### TASK PROMPT
Would you transcribe the records below from the line with "Picture of: Chiffon" to the line with "Faux Leather Luxe Fur Collar Jacket", ends included, exactly and with nothing more, leaving the pictures out?

### DATASET
================

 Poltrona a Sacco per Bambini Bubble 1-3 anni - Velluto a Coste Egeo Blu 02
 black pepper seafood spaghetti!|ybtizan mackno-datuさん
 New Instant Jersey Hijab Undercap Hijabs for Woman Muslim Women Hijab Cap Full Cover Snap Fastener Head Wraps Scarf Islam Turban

================

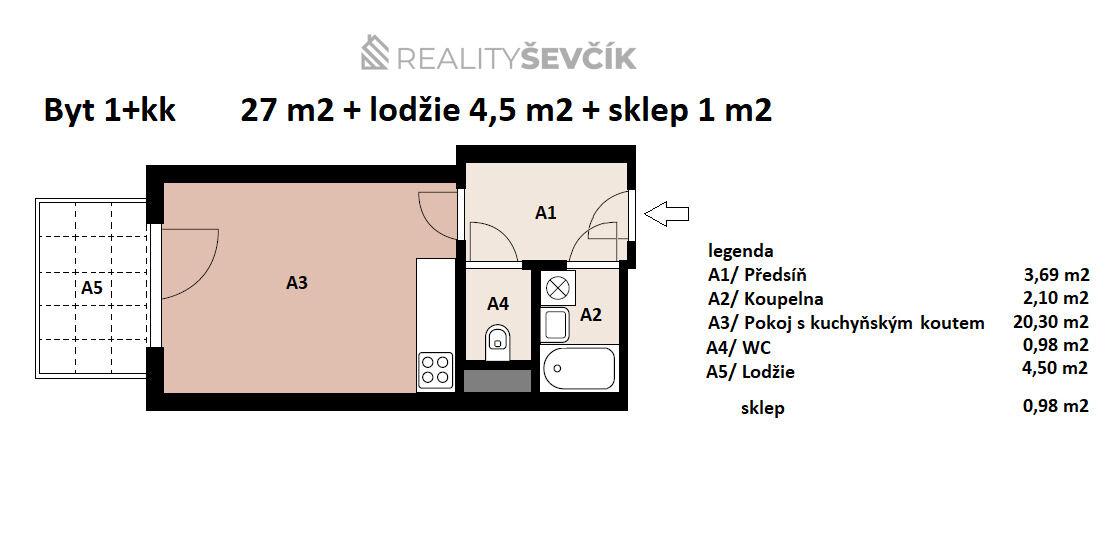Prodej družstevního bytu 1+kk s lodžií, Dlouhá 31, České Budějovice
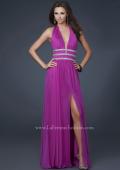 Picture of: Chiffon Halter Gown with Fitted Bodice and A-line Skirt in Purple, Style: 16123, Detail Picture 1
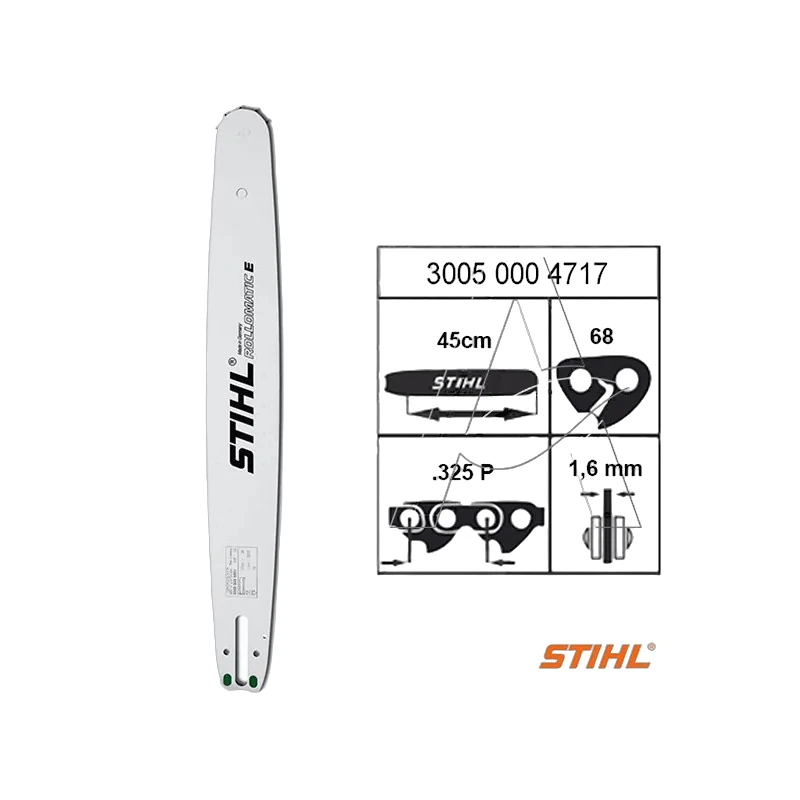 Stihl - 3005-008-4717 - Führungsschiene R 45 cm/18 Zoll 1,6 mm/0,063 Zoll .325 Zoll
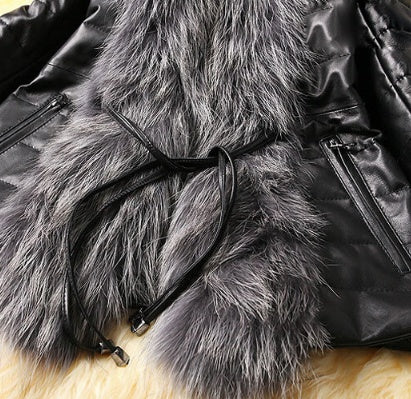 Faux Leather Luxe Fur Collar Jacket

================

### WORKED SOLUTION
 Picture of: Chiffon Halter Gown with Fitted Bodice and A-line Skirt in Purple, Style: 16123, Detail Picture 1
 Stihl - 3005-008-4717 - Führungsschiene R 45 cm/18 Zoll 1,6 mm/0,063 Zoll .325 Zoll
 Faux Leather Luxe Fur Collar Jacket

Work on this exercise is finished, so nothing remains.